Simbolicamente a carta deve ser realmente encaminhada aos senadores, e logo, porque está demorando até demais, mas a companheira Dilma deve obrigatoriamente aproveitar os últimos dias que faltam, para o julgamento do mérito do processo sem provas, que acontecerá no fatídico e enigmático dia 29 de agosto próximo, para fazer um mapa de conversas políticas com todos os senadores que provavelmente cheiram um pouco de confiança e vergonha na cara, porque política como divisão de poder tem como premissa o compromisso de pé de ouvido. 

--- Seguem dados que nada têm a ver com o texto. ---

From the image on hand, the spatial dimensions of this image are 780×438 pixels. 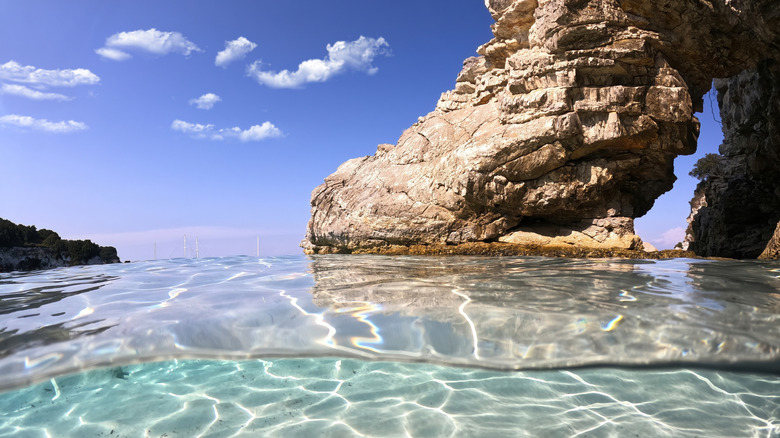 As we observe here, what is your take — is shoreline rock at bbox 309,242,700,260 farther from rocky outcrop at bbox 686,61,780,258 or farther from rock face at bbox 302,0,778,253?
rocky outcrop at bbox 686,61,780,258

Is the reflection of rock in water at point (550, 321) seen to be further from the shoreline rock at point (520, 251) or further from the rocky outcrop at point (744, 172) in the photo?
the rocky outcrop at point (744, 172)

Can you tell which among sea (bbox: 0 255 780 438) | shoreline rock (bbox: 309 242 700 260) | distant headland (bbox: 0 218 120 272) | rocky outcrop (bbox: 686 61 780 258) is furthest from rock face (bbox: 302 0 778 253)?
distant headland (bbox: 0 218 120 272)

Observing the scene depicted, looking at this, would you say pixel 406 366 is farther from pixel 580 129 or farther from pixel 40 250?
pixel 40 250

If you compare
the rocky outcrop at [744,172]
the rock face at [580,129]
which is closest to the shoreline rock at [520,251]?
the rock face at [580,129]

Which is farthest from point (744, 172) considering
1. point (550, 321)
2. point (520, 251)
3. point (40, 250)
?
point (40, 250)

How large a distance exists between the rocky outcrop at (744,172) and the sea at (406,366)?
11009 millimetres

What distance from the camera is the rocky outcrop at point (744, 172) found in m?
11.5

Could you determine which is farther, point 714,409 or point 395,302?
point 395,302

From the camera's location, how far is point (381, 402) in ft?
8.13

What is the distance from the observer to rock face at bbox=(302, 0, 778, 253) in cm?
920

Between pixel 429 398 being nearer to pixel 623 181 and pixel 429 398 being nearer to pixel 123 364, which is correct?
pixel 123 364

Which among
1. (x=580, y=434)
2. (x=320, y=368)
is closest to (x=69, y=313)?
(x=320, y=368)

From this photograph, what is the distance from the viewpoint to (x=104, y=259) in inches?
765

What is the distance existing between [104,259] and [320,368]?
2124 cm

Porque senão teremos todos que reaprender a fazer oposição numa situação mais constrangedora e mais inexorável do que mesmo nos anos de chumbo, porque teremos um governo de direita, neoconservador e neoliberal com pauta “atômicas”, colocadas na mesa de antemão: privatizações, terceirizações, reformas trabalhista e previdenciária, cassações de partidos de esquerda, Lei Antiterror para os movimentos sociais e sindicais, e outras crueldades e vinganças mais que podem está por vir. 

Temos poucos dias apenas para fazer política como ela é de fato, sem estereótipos e rubores de puros, porque na atual conjuntura que estamos vivendo, somente tem de puro mesmo é o povo, que vai pagar o pato da FIESP e dos irmãos Koch!